This is the latest of several cases resulting from the attempt of the appellee to construct an overhead power transmission line through Baltimore County to the Mount Washington sub-station. The purpose of the line is to provide additional electric power, said to be urgently needed, in the Baltimore area. The earlier cases, reaching this Court were Johnson v. Consol. Gas, Elec. Lt. Power Co., 187 Md. 454, 50 A.2d 918, 170 A.L.R. 709 (a condemnation case), an appeal from the dismissal of the original bill filed in the instant case, which on motion, agreed to by all parties, was remanded without affirmance or reversal and without opinion, and an appeal from an order refusing a preliminary injunction in this case which we held premature. Kahl v. Consol.Gas, Elec. Lt. Power Co., 189 Md. 655, 57 A.2d 331. The present appeal is from orders dismissing the amended and supplemental bills of complaint, passed after extended hearings and the taking of voluminous testimony.
The proposed power line is to traverse the Metropolitan District of Baltimore County for a distance of about eight miles. It is to carry a load of 110,000 volts, and is to cross the Green Spring Valley in the vicinity of Rockland. It has been opposed from the beginning by a group of property owners who have contended that the overhead structures would destroy or impair the beauty of the countryside and would lower property values in a high class residential community. They suggest and offer competent testimony to show that the line can be placed underground at a cost not excessive in view of the circumstances. This question, however, we do not consider is properly one for the court to consider, at *Page 254 least in the present state of the record. The proposed construction, it may be added, has been approved, after protests and a subsequent investigation, by the Chief Engineer of the Public Service Commission, who said that the cost of underground construction would be prohibitive.
The original bill in this case was filed by the landowners. After amendment, to permit the raising of new issues in view of the passage of certain amended Zoning Regulations in 1946, the trial was had on these issues, which were also raised by the bill filed by the County Commissioners of Baltimore County on February 10, 1947. The cases were heard together. As presented below, and to us, they raise a number of questions. The more important of these are the validity vel non of the Zoning Regulations as applied to the appellee, and the rights of the court to pass upon the issues raised in advance of an application for a permit to the Zoning Commissioner.

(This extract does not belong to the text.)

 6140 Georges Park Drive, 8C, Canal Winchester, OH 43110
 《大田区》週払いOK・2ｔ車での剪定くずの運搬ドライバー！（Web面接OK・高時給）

The Zoning Regulations, first adopted January 2, 1945 (pursuant to a special enabling act, Acts of 1941, Ch. 247, amended Acts 1943, Ch. 877) and subsequently amended November 15, 1946, exempt electric light and power lines on public highways or lines carrying less than 5000 volts on poles. For other electric light and power lines special permits are required. Standards are made applicable to the grant of such special permits. Within the Metropolitan Zone, created to conform to the boundaries of the Metropolitan District, transmission lines, such as the one contemplated by the appellee, are required to be located underground, but the Zoning Commissioner is given power to make special exceptions "when convinced by affirmative testimony * * * that such lines * * * may be carried overhead * * * without impairing the public health, safety or general welfare". In determining any special exception the Commissioner, or the Board of Zoning Appeals on appeal, shall be guided by certain factors enumerated, including the crossing of much travelled highways or *Page 255 streets, the proximity of the line to schools, churches, or other places where persons congregate, the probability of extension flying over the area, and its nearness to airports, fire hazards or interference with fire-fighting equipment, and future conditions to be reasonably anticipated in view of the normal course of development. Comparative costs of overhead and underground construction may also be considered, but the excess in cost is not, of itself, to be deemed sufficient cause for the issuance of a permit for overhead construction. The General Assembly confirmed and validated these provisions by the Act of 1947, Ch. 915, after the trials of the present cases began.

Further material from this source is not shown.